Each record needs to be echoed exactly; can you do that?

| Data for review |
*** Begin section ***
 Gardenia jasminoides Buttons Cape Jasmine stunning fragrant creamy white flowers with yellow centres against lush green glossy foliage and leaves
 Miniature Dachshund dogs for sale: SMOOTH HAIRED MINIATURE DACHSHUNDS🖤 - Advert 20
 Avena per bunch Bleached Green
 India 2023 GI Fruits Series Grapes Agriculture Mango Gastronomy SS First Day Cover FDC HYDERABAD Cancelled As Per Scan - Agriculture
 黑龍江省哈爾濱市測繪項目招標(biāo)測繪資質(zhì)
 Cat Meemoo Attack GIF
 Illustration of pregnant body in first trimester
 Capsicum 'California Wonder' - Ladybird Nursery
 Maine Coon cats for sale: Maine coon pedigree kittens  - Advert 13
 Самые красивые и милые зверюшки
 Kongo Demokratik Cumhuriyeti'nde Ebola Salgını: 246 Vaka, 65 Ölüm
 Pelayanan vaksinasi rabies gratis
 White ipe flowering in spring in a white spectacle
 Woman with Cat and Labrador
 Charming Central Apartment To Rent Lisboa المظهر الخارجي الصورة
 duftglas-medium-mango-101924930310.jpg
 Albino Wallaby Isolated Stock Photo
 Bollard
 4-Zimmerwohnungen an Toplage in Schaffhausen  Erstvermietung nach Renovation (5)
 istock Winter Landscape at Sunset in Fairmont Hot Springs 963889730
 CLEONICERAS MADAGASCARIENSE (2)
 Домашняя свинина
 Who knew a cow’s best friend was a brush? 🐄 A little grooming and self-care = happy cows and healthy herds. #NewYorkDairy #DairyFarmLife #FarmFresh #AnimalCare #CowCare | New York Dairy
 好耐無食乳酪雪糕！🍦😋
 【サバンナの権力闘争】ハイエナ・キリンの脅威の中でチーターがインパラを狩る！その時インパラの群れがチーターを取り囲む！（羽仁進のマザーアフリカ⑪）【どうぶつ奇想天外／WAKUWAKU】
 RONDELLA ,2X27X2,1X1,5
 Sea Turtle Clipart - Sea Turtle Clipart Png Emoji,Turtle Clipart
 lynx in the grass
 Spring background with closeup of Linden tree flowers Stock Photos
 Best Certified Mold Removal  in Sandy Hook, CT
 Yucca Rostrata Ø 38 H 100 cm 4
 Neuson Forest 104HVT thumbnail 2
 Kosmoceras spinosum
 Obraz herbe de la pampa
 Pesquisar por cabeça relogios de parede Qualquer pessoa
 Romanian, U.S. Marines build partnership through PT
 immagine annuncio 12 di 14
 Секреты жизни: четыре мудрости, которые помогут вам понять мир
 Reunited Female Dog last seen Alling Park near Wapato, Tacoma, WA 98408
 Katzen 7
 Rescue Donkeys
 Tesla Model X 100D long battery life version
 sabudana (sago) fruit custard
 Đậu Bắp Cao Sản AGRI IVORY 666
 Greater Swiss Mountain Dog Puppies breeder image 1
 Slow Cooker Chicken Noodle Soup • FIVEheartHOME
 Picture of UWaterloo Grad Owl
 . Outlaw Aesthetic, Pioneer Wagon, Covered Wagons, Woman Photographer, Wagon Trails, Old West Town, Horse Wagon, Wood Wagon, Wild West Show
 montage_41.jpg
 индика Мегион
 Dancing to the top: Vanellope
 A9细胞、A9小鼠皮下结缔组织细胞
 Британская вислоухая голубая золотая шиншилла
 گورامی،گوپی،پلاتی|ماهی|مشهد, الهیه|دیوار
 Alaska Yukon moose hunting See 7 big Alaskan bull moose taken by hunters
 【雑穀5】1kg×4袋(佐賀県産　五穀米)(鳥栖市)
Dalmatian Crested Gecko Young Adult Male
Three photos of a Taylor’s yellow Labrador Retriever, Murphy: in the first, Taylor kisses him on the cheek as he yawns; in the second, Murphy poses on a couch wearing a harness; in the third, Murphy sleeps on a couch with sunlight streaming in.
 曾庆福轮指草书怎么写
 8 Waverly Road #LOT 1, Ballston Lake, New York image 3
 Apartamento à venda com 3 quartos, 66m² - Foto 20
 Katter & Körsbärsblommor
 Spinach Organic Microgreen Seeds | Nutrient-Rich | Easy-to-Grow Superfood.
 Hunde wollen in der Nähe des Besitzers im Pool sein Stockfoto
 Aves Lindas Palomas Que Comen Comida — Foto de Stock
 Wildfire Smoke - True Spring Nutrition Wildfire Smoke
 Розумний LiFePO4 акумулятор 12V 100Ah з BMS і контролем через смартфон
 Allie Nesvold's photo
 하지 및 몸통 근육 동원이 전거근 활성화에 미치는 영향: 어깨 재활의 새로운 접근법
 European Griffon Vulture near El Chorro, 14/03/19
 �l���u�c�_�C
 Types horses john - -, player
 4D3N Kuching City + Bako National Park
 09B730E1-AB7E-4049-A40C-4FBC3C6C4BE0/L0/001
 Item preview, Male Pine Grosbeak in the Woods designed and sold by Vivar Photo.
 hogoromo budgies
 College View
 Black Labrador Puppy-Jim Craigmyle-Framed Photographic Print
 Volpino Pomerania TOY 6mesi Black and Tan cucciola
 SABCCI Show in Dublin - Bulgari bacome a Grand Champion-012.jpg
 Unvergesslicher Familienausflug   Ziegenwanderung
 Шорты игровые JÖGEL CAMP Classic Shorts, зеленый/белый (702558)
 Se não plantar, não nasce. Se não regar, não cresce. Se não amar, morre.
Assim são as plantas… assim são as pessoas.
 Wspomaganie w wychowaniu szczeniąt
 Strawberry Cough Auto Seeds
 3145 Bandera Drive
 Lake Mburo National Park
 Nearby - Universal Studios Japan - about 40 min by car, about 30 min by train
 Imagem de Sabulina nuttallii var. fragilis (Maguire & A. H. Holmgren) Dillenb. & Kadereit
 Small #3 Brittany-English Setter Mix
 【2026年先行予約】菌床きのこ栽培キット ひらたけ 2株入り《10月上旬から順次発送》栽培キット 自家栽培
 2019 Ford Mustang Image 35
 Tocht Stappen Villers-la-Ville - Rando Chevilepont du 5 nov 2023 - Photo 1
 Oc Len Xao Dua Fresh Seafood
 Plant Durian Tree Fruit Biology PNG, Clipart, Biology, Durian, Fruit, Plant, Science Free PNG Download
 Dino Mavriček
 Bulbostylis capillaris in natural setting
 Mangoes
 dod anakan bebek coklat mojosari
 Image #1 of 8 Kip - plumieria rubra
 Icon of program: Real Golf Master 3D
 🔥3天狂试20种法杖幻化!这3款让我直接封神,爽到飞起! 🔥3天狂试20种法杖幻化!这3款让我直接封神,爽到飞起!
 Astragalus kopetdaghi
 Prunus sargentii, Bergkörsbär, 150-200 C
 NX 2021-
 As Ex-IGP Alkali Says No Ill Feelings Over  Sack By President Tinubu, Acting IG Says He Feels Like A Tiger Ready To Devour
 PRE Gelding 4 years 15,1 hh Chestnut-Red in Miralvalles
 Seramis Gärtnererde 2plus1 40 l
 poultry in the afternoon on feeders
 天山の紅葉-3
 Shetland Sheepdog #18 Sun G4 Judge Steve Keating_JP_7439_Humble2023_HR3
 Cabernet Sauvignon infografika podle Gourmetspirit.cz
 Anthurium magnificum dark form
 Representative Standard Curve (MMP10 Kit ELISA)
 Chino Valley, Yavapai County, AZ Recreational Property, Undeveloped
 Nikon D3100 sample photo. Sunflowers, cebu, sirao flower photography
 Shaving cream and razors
*** End section ***
| Answer to the exercise |
 Gardenia jasminoides Buttons Cape Jasmine stunning fragrant creamy white flowers with yellow centres against lush green glossy foliage and leaves
 Miniature Dachshund dogs for sale: SMOOTH HAIRED MINIATURE DACHSHUNDS🖤 - Advert 20
 Avena per bunch Bleached Green
 India 2023 GI Fruits Series Grapes Agriculture Mango Gastronomy SS First Day Cover FDC HYDERABAD Cancelled As Per Scan - Agriculture
 黑龍江省哈爾濱市測繪項目招標(biāo)測繪資質(zhì)
 Cat Meemoo Attack GIF
 Illustration of pregnant body in first trimester
 Capsicum 'California Wonder' - Ladybird Nursery
 Maine Coon cats for sale: Maine coon pedigree kittens  - Advert 13
 Самые красивые и милые зверюшки
 Kongo Demokratik Cumhuriyeti'nde Ebola Salgını: 246 Vaka, 65 Ölüm
 Pelayanan vaksinasi rabies gratis
 White ipe flowering in spring in a white spectacle
 Woman with Cat and Labrador
 Charming Central Apartment To Rent Lisboa المظهر الخارجي الصورة
 duftglas-medium-mango-101924930310.jpg
 Albino Wallaby Isolated Stock Photo
 Bollard
 4-Zimmerwohnungen an Toplage in Schaffhausen  Erstvermietung nach Renovation (5)
 istock Winter Landscape at Sunset in Fairmont Hot Springs 963889730
 CLEONICERAS MADAGASCARIENSE (2)
 Домашняя свинина
 Who knew a cow’s best friend was a brush? 🐄 A little grooming and self-care = happy cows and healthy herds. #NewYorkDairy #DairyFarmLife #FarmFresh #AnimalCare #CowCare | New York Dairy
 好耐無食乳酪雪糕！🍦😋
 【サバンナの権力闘争】ハイエナ・キリンの脅威の中でチーターがインパラを狩る！その時インパラの群れがチーターを取り囲む！（羽仁進のマザーアフリカ⑪）【どうぶつ奇想天外／WAKUWAKU】
 RONDELLA ,2X27X2,1X1,5
 Sea Turtle Clipart - Sea Turtle Clipart Png Emoji,Turtle Clipart
 lynx in the grass
 Spring background with closeup of Linden tree flowers Stock Photos
 Best Certified Mold Removal  in Sandy Hook, CT
 Yucca Rostrata Ø 38 H 100 cm 4
 Neuson Forest 104HVT thumbnail 2
 Kosmoceras spinosum
 Obraz herbe de la pampa
 Pesquisar por cabeça relogios de parede Qualquer pessoa
 Romanian, U.S. Marines build partnership through PT
 immagine annuncio 12 di 14
 Секреты жизни: четыре мудрости, которые помогут вам понять мир
 Reunited Female Dog last seen Alling Park near Wapato, Tacoma, WA 98408
 Katzen 7
 Rescue Donkeys
 Tesla Model X 100D long battery life version
 sabudana (sago) fruit custard
 Đậu Bắp Cao Sản AGRI IVORY 666
 Greater Swiss Mountain Dog Puppies breeder image 1
 Slow Cooker Chicken Noodle Soup • FIVEheartHOME
 Picture of UWaterloo Grad Owl
 . Outlaw Aesthetic, Pioneer Wagon, Covered Wagons, Woman Photographer, Wagon Trails, Old West Town, Horse Wagon, Wood Wagon, Wild West Show
 montage_41.jpg
 индика Мегион
 Dancing to the top: Vanellope
 A9细胞、A9小鼠皮下结缔组织细胞
 Британская вислоухая голубая золотая шиншилла
 گورامی،گوپی،پلاتی|ماهی|مشهد, الهیه|دیوار
 Alaska Yukon moose hunting See 7 big Alaskan bull moose taken by hunters
 【雑穀5】1kg×4袋(佐賀県産　五穀米)(鳥栖市)
Dalmatian Crested Gecko Young Adult Male
Three photos of a Taylor’s yellow Labrador Retriever, Murphy: in the first, Taylor kisses him on the cheek as he yawns; in the second, Murphy poses on a couch wearing a harness; in the third, Murphy sleeps on a couch with sunlight streaming in.
 曾庆福轮指草书怎么写
 8 Waverly Road #LOT 1, Ballston Lake, New York image 3
 Apartamento à venda com 3 quartos, 66m² - Foto 20
 Katter & Körsbärsblommor
 Spinach Organic Microgreen Seeds | Nutrient-Rich | Easy-to-Grow Superfood.
 Hunde wollen in der Nähe des Besitzers im Pool sein Stockfoto
 Aves Lindas Palomas Que Comen Comida — Foto de Stock
 Wildfire Smoke - True Spring Nutrition Wildfire Smoke
 Розумний LiFePO4 акумулятор 12V 100Ah з BMS і контролем через смартфон
 Allie Nesvold's photo
 하지 및 몸통 근육 동원이 전거근 활성화에 미치는 영향: 어깨 재활의 새로운 접근법
 European Griffon Vulture near El Chorro, 14/03/19
 �l���u�c�_�C
 Types horses john - -, player
 4D3N Kuching City + Bako National Park
 09B730E1-AB7E-4049-A40C-4FBC3C6C4BE0/L0/001
 Item preview, Male Pine Grosbeak in the Woods designed and sold by Vivar Photo.
 hogoromo budgies
 College View
 Black Labrador Puppy-Jim Craigmyle-Framed Photographic Print
 Volpino Pomerania TOY 6mesi Black and Tan cucciola
 SABCCI Show in Dublin - Bulgari bacome a Grand Champion-012.jpg
 Unvergesslicher Familienausflug   Ziegenwanderung
 Шорты игровые JÖGEL CAMP Classic Shorts, зеленый/белый (702558)
 Se não plantar, não nasce. Se não regar, não cresce. Se não amar, morre.
Assim são as plantas… assim são as pessoas.
 Wspomaganie w wychowaniu szczeniąt
 Strawberry Cough Auto Seeds
 3145 Bandera Drive
 Lake Mburo National Park
 Nearby - Universal Studios Japan - about 40 min by car, about 30 min by train
 Imagem de Sabulina nuttallii var. fragilis (Maguire & A. H. Holmgren) Dillenb. & Kadereit
 Small #3 Brittany-English Setter Mix
 【2026年先行予約】菌床きのこ栽培キット ひらたけ 2株入り《10月上旬から順次発送》栽培キット 自家栽培
 2019 Ford Mustang Image 35
 Tocht Stappen Villers-la-Ville - Rando Chevilepont du 5 nov 2023 - Photo 1
 Oc Len Xao Dua Fresh Seafood
 Plant Durian Tree Fruit Biology PNG, Clipart, Biology, Durian, Fruit, Plant, Science Free PNG Download
 Dino Mavriček
 Bulbostylis capillaris in natural setting
 Mangoes
 dod anakan bebek coklat mojosari
 Image #1 of 8 Kip - plumieria rubra
 Icon of program: Real Golf Master 3D
 🔥3天狂试20种法杖幻化!这3款让我直接封神,爽到飞起! 🔥3天狂试20种法杖幻化!这3款让我直接封神,爽到飞起!
 Astragalus kopetdaghi
 Prunus sargentii, Bergkörsbär, 150-200 C
 NX 2021-
 As Ex-IGP Alkali Says No Ill Feelings Over  Sack By President Tinubu, Acting IG Says He Feels Like A Tiger Ready To Devour
 PRE Gelding 4 years 15,1 hh Chestnut-Red in Miralvalles
 Seramis Gärtnererde 2plus1 40 l
 poultry in the afternoon on feeders
 天山の紅葉-3
 Shetland Sheepdog #18 Sun G4 Judge Steve Keating_JP_7439_Humble2023_HR3
 Cabernet Sauvignon infografika podle Gourmetspirit.cz
 Anthurium magnificum dark form
 Representative Standard Curve (MMP10 Kit ELISA)
 Chino Valley, Yavapai County, AZ Recreational Property, Undeveloped
 Nikon D3100 sample photo. Sunflowers, cebu, sirao flower photography
 Shaving cream and razors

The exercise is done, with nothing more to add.